### [The problem]
With both ends included, repeat exactly the lines of the entries below from the one containing "NFHK N-2513 SSD Adapter" down to the one containing "City of Palmerston", and no others.

### [Records for processing]
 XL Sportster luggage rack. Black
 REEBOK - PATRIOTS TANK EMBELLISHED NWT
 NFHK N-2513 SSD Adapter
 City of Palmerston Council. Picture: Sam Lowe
...
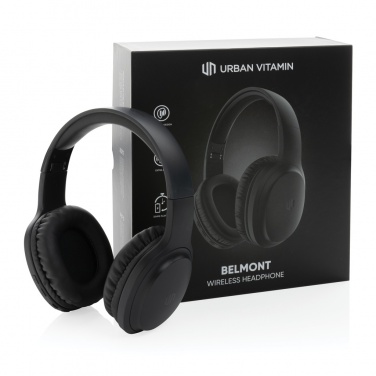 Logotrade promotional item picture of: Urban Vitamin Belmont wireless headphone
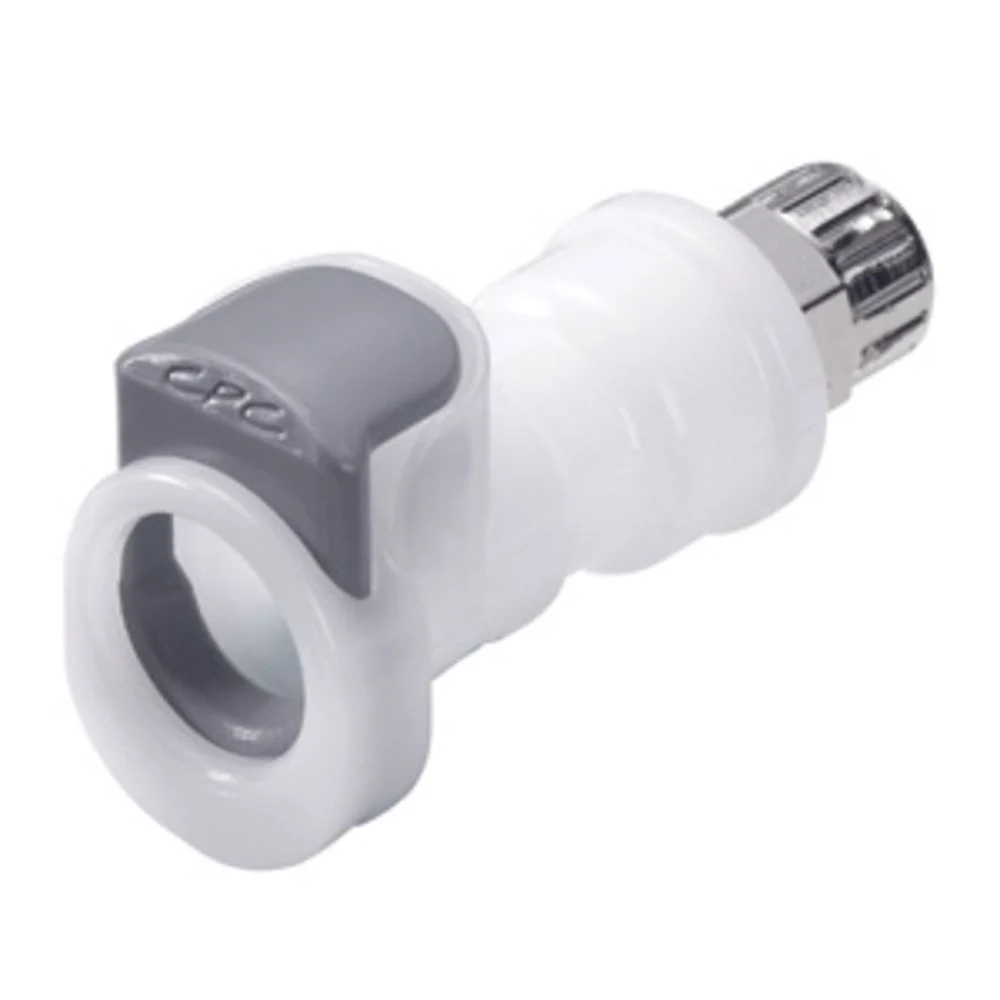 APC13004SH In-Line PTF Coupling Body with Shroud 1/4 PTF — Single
==
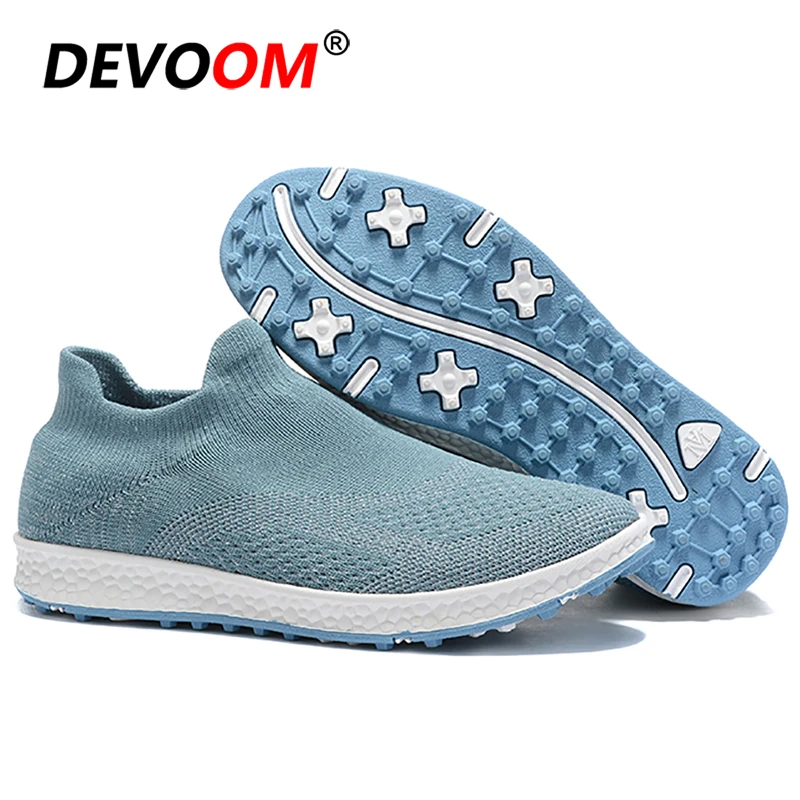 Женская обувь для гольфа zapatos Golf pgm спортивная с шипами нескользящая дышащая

### [Exercise output]
 NFHK N-2513 SSD Adapter
 City of Palmerston Council. Picture: Sam Lowe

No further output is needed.